→ Work to be completed: Reproduce from the records below, with no pictures, exactly the lines between the one containing "LUCKY REPTILE PRO Mineral plus D3 60g" and the one containing "Central And New Flat Lisbon", inclusive.

→ Data for this task:
====
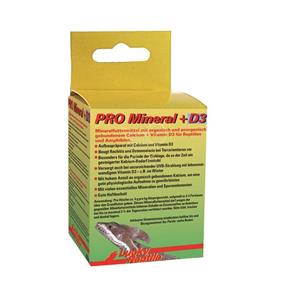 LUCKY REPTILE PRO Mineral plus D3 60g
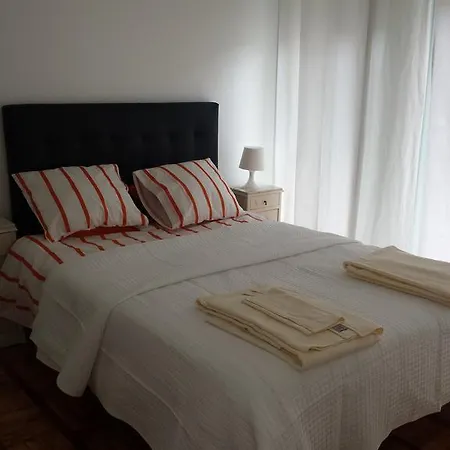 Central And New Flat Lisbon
====
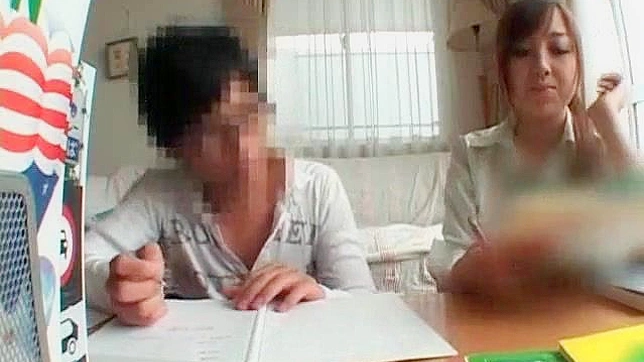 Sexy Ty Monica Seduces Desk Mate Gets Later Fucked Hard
====
→ Answer box:
 LUCKY REPTILE PRO Mineral plus D3 60g
 Central And New Flat Lisbon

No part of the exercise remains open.